Island photo project named finalist in global competition

Giovanni Capriotti’s photo essay ‘The Haweaters’ was a finalist in the 77th Pictures of the Year competition run by the Donald W. Reynolds Journalism Institute at the Missouri School of Journalism. photo by Giovanni Capriotti

COLUMBIA, Mo. – Former Expositor photographer Giovanni Capriotti has earned a spot as a finalist for his ongoing Manitoulin Island-based photo project ‘The Haweaters’ in the 77th Pictures of the Year competition run by the Donald W. Reynolds Journalism Institute at the Missouri School of Journalism.

“I’ve been shooting (‘The Haweaters’) since 2014 without knowing where I was heading with the project,” said Mr. Capriotti.

‘The Haweaters’ is a project that seeks to “explore the blurred lines of co-existence” between Indigenous and settler culture on Manitoulin Island and, in a broad sense, Canada. His photos capture candid moments of different lived rural experiences and contrast how one’s cultural background can impact those experiences.

The Rome-born photographer first visited Manitoulin Island in 2010 on a drive with a friend to explore Northern Ontario. They were travelling from Sault Ste. Marie and Mr. Capriotti noticed what appeared to be a massive island on a printed map of the region. They resolved to check out the landform and the rest, as they say, is history.

They stopped at a now-closed gas station to fill up their tank and Mr. Capriotti was surprised that the price was higher than the one posted on the sign. That woman explained that the posted price was the cost for gas-card-holding “Status Indians,” which sparked his interest in Indigenous peoples in Canada.

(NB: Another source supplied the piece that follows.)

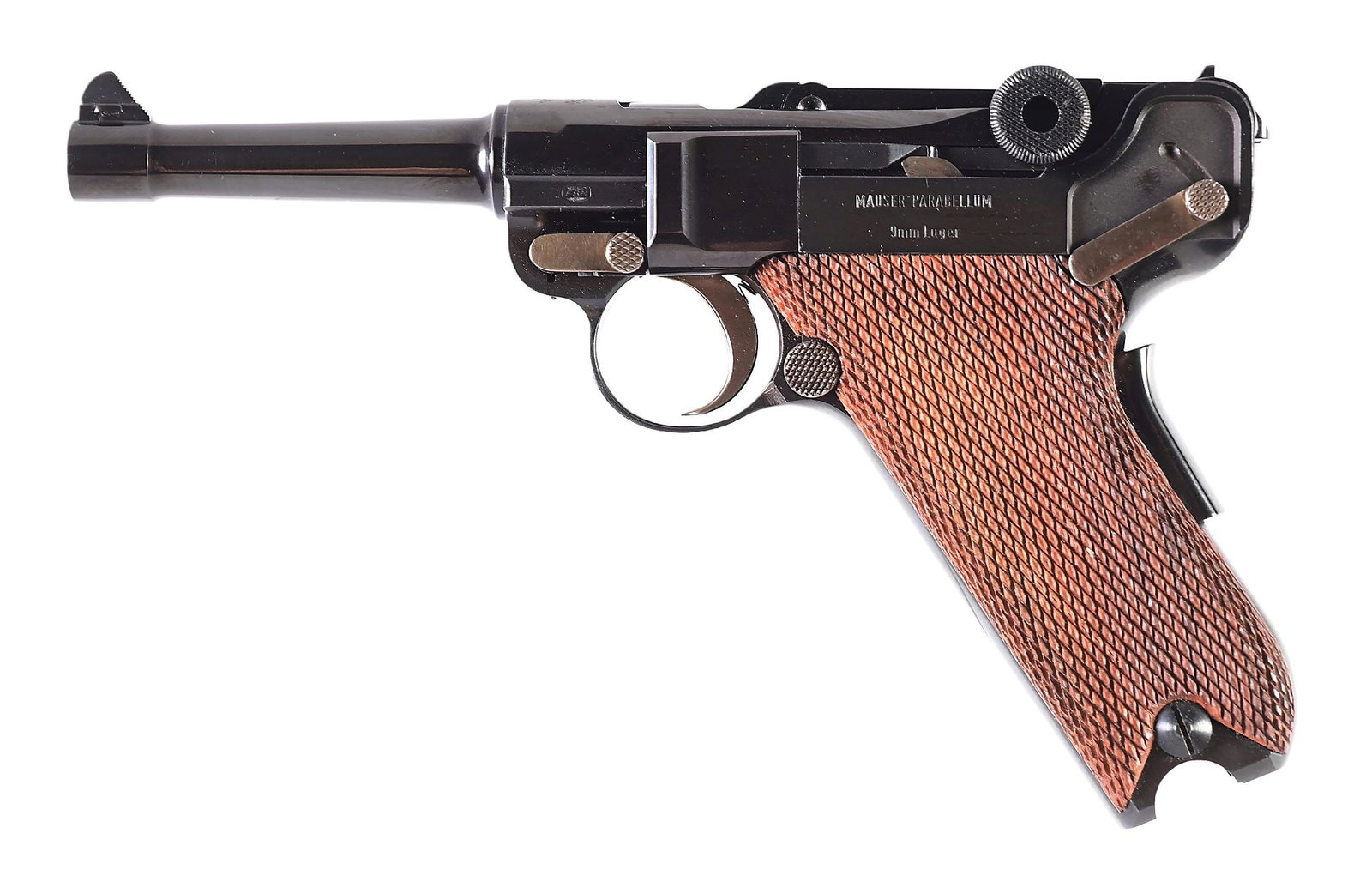 (M) MAUSER AMERICAN EAGLE COMMEMORATIVE P.08 LUGER SEMI-AUTOMATIC PISTOL WITH BOX.: Beginning in 1970, the owner of Interarms contracted with Mauser-Werke in West Germany to re-introduce and produce new commercial Lugers. They accepted the contract and by using original drawings and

“I grew up in a big city, in Rome; we don’t know about this culture. We just get the American propaganda about Indians and cowboys. That’s when I started questioning what I knew about Indigenous cultures in Canada,” said Mr. Capriotti.

His wife is an advocate for Indigenous rights and helped to inform Mr. Capriotti about the history. In 2014 he travelled to the Island and stayed with a two-spirit person from Wiikwemkoong whom he met through his wife. Mr. Capriotti’s goal was to share the story of his life through pictures. This soon grew into the broader desire to explore the different ways of life on the Island.

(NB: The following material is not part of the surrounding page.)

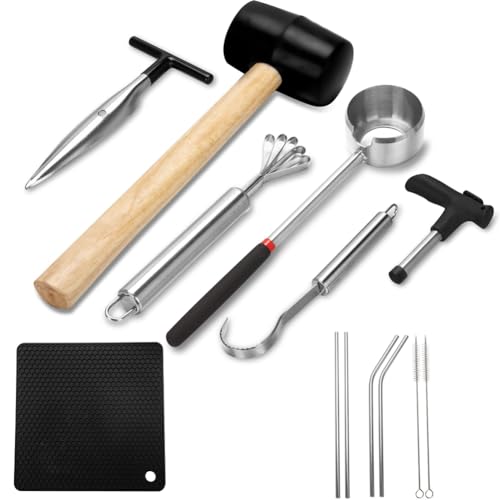 Ujjdwiurgh Juego de Herramientas para Abrir Cocos, Herramienta Segura y FáCil de Abrir para Cocos JóVenes, Kit en para Abrir Nueces de de Acero Inoxidable de Alimenticio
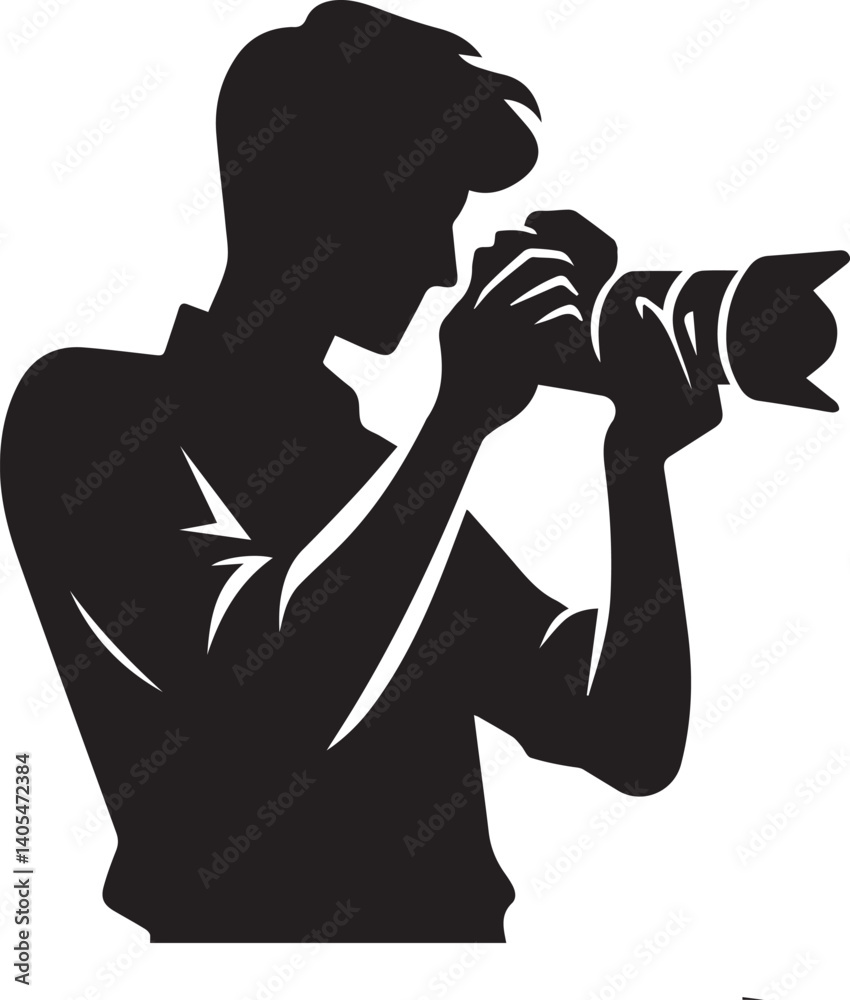 Silhouette of a Male Photographer with DSLR Camera in Action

He took up an internship at The Manitoulin Expositor and this newspaper helped him make connections with people around the Island who he would later feature in his series.

“Each picture has an allegory behind it, moving between co-existence, capitalism and new colonialism. Sometimes those ideas attack each other, other times they reject each other. My thing is it’s always about the narrative—everything you find in newspapers and main medias is based on capitalism,” said Mr. Capriotti. “I’m not against business but the way we do business can be improved, for sure, in order to put humans at the centre of business.”

Capitalism is inherently divisive, he said, because in order to function it requires a more organized group taking advantage of a subordinate group.

“It’s also a story of little communities who get forgotten by the centre of the empire in Canada. At the same time, I also wanted to explore what happened in the past that created a sometimes shattered environment on the Island. It’s very well hidden,” said Mr. Capriotti.

Although this competition win involved a selection of 29 images, the full set of this project to date is nearly 10 times larger.

“I have over 250 images, plus other ones I’m working on because I’ve had access to archive pictures of a family, so those will be included in the project. I’m hoping to collect it all in a book very soon,” said Mr. Capriotti. 

“These pictures all work together as a whole sequence,” he said. “Even the colours, emotions, actions it invokes and the allegoric meaning of an image can be paired with the allegoric meaning of the following image.”

Mr. Capriotti said his pictures are designed to weave a narrative, through personal stories, about the effects of colonialism and the growth of power centres in the nation. He was also critical of how Indigenous stories are often only told during crisis situations such as the nation-wide rail blockades as of late.

“Off-Island people perceive it in a certain way. It’s an environment that has been shattered by the past, especially for Indigenous communities on the Island, but then abused and forgotten by modernism. Young people want to leave the Island and head to cities—capitalism still has a big effect,” he said.

‘The Haweaters’ is far from being ‘in the can’ and Mr. Capriotti also has his sights set on turning it into a book with written stories to go along with each photo.

This is part of a larger project called ‘Forever on the Fringe,’ which is also the possible title of a book about the making of Manitoulin Island, the treaties, why settlers came there, what their expectations were, said Mr. Capriotti. Of note, ‘Forever on the Fringe’ is also the title of a book by author W. R. Wightman, which is a series of studies about Manitoulin Island. 

Mr. Capriotti said he also plans to create a small publishing venture with a business partner in order to produce physical versions of their work that will outlast a hard drive’s longevity.